== Segment start ==

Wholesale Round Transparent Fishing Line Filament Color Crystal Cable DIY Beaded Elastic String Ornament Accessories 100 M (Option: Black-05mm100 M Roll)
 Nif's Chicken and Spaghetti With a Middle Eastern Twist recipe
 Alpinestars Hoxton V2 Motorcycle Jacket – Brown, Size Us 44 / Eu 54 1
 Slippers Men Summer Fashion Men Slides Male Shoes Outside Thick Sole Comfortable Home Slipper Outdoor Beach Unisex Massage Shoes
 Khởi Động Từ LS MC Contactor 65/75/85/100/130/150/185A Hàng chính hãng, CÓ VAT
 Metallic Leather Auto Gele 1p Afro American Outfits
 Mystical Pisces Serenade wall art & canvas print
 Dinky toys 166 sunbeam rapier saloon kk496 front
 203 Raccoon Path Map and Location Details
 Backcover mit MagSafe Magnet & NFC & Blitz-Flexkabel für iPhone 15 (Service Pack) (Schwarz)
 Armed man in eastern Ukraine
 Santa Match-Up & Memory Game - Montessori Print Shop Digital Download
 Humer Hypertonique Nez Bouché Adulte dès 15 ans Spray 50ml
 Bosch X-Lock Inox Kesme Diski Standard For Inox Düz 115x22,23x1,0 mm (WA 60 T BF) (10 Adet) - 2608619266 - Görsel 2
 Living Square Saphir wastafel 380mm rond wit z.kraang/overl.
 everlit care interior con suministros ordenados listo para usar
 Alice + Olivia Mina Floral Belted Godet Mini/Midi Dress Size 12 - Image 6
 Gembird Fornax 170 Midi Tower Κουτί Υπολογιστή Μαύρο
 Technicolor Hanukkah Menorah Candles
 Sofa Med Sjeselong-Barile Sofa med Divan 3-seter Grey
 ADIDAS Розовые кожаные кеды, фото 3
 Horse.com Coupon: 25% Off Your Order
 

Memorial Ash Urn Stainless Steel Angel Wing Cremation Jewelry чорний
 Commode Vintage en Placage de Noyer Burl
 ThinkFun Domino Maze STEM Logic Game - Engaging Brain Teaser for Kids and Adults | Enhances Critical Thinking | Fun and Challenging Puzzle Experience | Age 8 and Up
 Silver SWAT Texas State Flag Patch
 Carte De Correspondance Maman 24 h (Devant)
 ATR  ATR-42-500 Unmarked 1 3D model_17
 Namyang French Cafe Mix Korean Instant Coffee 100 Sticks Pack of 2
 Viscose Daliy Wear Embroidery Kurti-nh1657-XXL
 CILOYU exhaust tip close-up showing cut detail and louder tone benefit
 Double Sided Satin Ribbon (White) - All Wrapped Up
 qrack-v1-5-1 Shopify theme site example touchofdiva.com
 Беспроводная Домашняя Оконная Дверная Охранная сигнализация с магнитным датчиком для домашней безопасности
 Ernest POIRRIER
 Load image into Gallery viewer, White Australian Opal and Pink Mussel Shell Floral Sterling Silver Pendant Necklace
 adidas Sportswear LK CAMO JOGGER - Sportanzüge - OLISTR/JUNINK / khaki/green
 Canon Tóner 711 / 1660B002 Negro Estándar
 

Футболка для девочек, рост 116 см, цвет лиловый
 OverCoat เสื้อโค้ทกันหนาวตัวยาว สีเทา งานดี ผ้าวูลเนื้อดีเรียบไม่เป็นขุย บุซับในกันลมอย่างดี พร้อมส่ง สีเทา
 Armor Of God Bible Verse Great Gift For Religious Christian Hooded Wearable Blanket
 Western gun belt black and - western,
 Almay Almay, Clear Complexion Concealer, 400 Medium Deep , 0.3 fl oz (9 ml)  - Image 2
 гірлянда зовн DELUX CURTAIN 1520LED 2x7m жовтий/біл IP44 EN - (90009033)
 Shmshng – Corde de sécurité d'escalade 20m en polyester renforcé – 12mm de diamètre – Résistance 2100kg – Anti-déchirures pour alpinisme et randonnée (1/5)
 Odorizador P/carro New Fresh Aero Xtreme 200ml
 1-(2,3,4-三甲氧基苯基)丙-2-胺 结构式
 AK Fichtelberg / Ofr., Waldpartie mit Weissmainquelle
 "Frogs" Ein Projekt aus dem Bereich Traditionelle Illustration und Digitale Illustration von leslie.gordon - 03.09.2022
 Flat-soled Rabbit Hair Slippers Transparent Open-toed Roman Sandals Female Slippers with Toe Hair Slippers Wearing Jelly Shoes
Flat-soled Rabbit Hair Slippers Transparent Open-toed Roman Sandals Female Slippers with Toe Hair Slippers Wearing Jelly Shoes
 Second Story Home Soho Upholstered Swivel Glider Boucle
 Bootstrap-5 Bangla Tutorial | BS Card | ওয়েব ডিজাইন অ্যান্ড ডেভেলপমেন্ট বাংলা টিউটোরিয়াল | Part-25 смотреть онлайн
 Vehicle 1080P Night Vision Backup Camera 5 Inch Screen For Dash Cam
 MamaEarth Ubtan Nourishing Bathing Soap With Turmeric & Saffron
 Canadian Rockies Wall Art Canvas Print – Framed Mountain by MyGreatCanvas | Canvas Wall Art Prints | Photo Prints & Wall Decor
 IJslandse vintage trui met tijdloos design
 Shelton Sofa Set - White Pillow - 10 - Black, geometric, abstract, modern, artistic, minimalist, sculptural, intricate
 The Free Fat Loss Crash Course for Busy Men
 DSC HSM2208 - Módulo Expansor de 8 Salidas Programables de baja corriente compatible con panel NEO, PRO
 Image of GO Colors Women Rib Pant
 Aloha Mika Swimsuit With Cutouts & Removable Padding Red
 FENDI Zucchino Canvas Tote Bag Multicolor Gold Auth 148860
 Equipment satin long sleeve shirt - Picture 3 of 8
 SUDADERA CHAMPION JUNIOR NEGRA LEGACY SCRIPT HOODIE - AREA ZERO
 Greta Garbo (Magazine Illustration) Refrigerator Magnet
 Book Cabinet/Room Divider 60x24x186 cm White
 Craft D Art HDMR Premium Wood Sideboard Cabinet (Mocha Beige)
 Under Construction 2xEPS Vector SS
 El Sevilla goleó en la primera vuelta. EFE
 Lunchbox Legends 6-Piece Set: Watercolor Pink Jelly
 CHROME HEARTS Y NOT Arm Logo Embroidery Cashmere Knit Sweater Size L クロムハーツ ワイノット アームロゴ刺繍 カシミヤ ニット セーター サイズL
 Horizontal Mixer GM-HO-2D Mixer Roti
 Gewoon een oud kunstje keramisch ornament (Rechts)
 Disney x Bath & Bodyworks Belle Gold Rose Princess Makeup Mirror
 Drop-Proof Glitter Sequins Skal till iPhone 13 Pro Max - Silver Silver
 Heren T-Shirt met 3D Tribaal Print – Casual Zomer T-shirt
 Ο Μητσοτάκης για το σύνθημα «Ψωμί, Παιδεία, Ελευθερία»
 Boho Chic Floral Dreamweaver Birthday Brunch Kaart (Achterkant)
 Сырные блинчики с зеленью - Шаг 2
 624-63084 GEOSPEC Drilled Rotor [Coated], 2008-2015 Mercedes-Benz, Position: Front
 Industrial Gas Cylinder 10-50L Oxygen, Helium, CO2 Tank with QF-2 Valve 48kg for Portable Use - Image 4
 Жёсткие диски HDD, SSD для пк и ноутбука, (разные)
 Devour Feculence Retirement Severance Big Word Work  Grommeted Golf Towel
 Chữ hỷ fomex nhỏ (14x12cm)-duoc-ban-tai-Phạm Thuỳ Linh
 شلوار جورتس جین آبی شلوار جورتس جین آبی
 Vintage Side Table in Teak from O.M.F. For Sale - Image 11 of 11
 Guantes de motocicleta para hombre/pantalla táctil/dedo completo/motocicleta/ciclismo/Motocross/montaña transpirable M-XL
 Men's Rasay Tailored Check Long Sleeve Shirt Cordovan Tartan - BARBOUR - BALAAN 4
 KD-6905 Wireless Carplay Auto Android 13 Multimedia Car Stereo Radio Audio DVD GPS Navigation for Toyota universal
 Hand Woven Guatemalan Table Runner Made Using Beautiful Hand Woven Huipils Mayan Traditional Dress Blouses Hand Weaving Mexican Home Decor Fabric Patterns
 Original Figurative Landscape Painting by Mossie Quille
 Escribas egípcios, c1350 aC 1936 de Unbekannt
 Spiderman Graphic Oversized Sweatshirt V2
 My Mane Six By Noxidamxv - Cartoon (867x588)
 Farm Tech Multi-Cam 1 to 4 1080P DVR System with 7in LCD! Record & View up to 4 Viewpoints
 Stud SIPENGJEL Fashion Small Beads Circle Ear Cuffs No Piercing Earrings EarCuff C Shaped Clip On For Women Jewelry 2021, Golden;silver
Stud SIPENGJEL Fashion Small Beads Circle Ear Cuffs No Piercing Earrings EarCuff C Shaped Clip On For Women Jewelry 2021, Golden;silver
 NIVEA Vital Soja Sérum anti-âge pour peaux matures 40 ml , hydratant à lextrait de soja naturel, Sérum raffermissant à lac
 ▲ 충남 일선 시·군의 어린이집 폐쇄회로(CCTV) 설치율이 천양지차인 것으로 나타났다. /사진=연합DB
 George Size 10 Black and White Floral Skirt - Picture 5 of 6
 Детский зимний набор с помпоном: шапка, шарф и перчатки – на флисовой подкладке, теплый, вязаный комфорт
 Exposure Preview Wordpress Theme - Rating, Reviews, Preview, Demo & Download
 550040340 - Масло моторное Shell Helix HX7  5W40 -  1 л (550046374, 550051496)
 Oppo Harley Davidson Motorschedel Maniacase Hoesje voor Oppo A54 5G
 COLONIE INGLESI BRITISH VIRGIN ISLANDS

== Segment end ==

■ Prompt
Of all the entries above, output exactly the lines between the one holding "SUDADERA CHAMPION JUNIOR" and the one holding "Farm Tech Multi-Cam", inclusive.

■ Exercise solution
 SUDADERA CHAMPION JUNIOR NEGRA LEGACY SCRIPT HOODIE - AREA ZERO
 Greta Garbo (Magazine Illustration) Refrigerator Magnet
 Book Cabinet/Room Divider 60x24x186 cm White
 Craft D Art HDMR Premium Wood Sideboard Cabinet (Mocha Beige)
 Under Construction 2xEPS Vector SS
 El Sevilla goleó en la primera vuelta. EFE
 Lunchbox Legends 6-Piece Set: Watercolor Pink Jelly
 CHROME HEARTS Y NOT Arm Logo Embroidery Cashmere Knit Sweater Size L クロムハーツ ワイノット アームロゴ刺繍 カシミヤ ニット セーター サイズL
 Horizontal Mixer GM-HO-2D Mixer Roti
 Gewoon een oud kunstje keramisch ornament (Rechts)
 Disney x Bath & Bodyworks Belle Gold Rose Princess Makeup Mirror
 Drop-Proof Glitter Sequins Skal till iPhone 13 Pro Max - Silver Silver
 Heren T-Shirt met 3D Tribaal Print – Casual Zomer T-shirt
 Ο Μητσοτάκης για το σύνθημα «Ψωμί, Παιδεία, Ελευθερία»
 Boho Chic Floral Dreamweaver Birthday Brunch Kaart (Achterkant)
 Сырные блинчики с зеленью - Шаг 2
 624-63084 GEOSPEC Drilled Rotor [Coated], 2008-2015 Mercedes-Benz, Position: Front
 Industrial Gas Cylinder 10-50L Oxygen, Helium, CO2 Tank with QF-2 Valve 48kg for Portable Use - Image 4
 Жёсткие диски HDD, SSD для пк и ноутбука, (разные)
 Devour Feculence Retirement Severance Big Word Work  Grommeted Golf Towel
 Chữ hỷ fomex nhỏ (14x12cm)-duoc-ban-tai-Phạm Thuỳ Linh
 شلوار جورتس جین آبی شلوار جورتس جین آبی
 Vintage Side Table in Teak from O.M.F. For Sale - Image 11 of 11
 Guantes de motocicleta para hombre/pantalla táctil/dedo completo/motocicleta/ciclismo/Motocross/montaña transpirable M-XL
 Men's Rasay Tailored Check Long Sleeve Shirt Cordovan Tartan - BARBOUR - BALAAN 4
 KD-6905 Wireless Carplay Auto Android 13 Multimedia Car Stereo Radio Audio DVD GPS Navigation for Toyota universal
 Hand Woven Guatemalan Table Runner Made Using Beautiful Hand Woven Huipils Mayan Traditional Dress Blouses Hand Weaving Mexican Home Decor Fabric Patterns
 Original Figurative Landscape Painting by Mossie Quille
 Escribas egípcios, c1350 aC 1936 de Unbekannt
 Spiderman Graphic Oversized Sweatshirt V2
 My Mane Six By Noxidamxv - Cartoon (867x588)
 Farm Tech Multi-Cam 1 to 4 1080P DVR System with 7in LCD! Record & View up to 4 Viewpoints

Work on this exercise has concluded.